La Russia di Vladimir Putin ha inasprito ancora la repressione contro l’opposizione. Negli ultimi tempi le autorità russe hanno preso di mira dissidenti, giornali indipendenti, attivisti. Un anno fa, l’avversario numero uno di Putin, Alexey Navalny, è stato arrestato non appena rimesso piede in Russia da Berlino, dove era stato curato per un avvelenamento del quale si sospettano gli 007 del Cremlino. Oggi – stando a diversi media russi e internazionali – Leonid Volkov e Ivan Zhdanov, due tra i più stretti collaboratori di Navalny, sono stati inseriti in una lista di persone che le autorità russe accusano di coinvolgimento in attività “estremiste o terroristiche”, Un provvedimento che appare come un’ennesima azione per soffocare il dissenso.

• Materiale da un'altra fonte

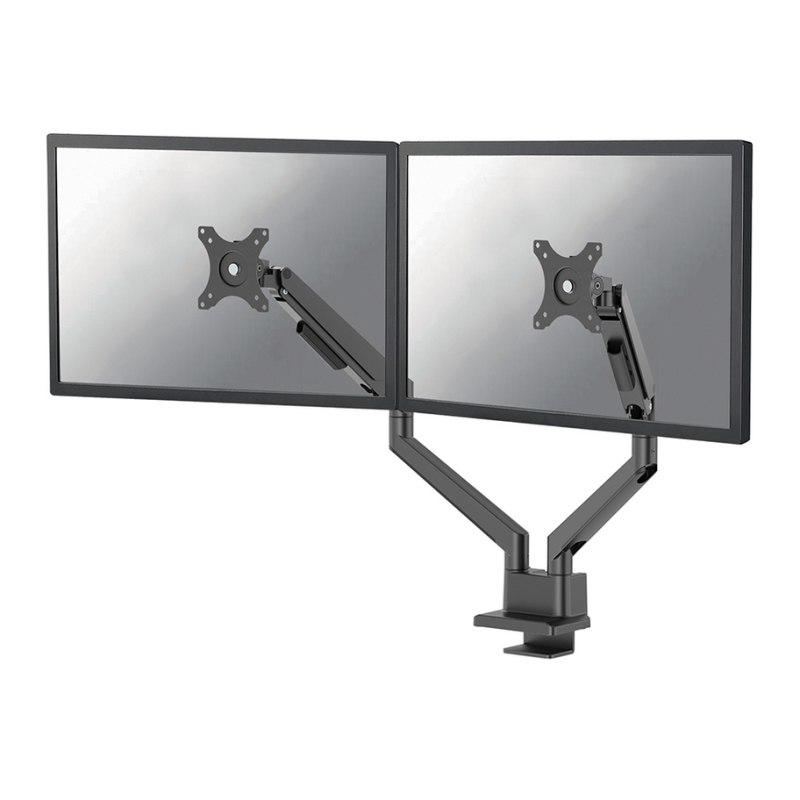 Neomounts DS70-250BL2 Monitor arm 17-32" - gas spring - Topfix - 180°-stop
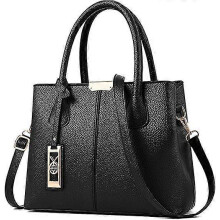 (Black) Women Handbag Messenger Bag Leather Crossbody Purses And Handbags For Women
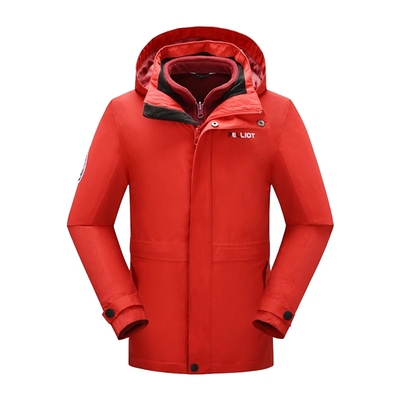 【经典2.0】伯希和户外儿童冲锋衣男春季新款登山服三合一外套女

“Bisogna semplicemente capire che sono metodi fascisti dello Stato russo: stigmatizzare, definire ‘terroristi’, ‘agenti stranieri'”, ha detto Zhdanov in un’intervista a Current Time.
“Non c’è nulla di divertente in questo. Eppure non cesseremo in nessun modo di continuare la nostra attività”.
Leonid Volkov, 41 anni, era a capo degli uffici regionali di Navalny, ora in carcere con accuse ritenute di matrice palesemente politica. Il 33enne Ivan Zhdanov guidava invece la Fondazione Anticorruzione di Navalny, che con le sue popolarissime video-inchieste ha creato più di un grattacapo a Putin e ai suoi alleati. Sia la rete degli uffici regionali di Navalny sia la Fondazione Anticorruzione erano già state dichiarate “estremiste” in Russia con una mossa che molti osservatori ritengono senza dubbio politicamente motivata. E forse non è un caso che proprio l’etichetta di “estremista” venga usata ora dalle autorità per bollare due dissidenti di spicco come Volkov e Zhdanov. Tuttavia, stando alla testata online Meduza, coloro che si trovano in questa lista nera con l’accusa di “terrorismo” hanno un asterisco accanto al nome, segno che manca nel caso dei due oppositori.
Secondo il Moscow Times, l’inserimento in questa black list, stilata dal Servizio federale di monitoraggio finanziario, comporta di fatto l’esclusione dal sistema bancario russo perché agli istituti finanziari è vietato fornire servizi a persone e organizzazioni presenti nell’elenco. “Siamo pionieri in questo genere di cose insensate”, ha scritto Zhdanov su Twitter affermando che questo tipo di misura potrebbe diffondersi ulteriormente nel Paese. Negli ultimi tempi, diversi alleati di Navalny hanno avuto problemi con la giustizia russa e alcuni si sono trasferiti all’estero.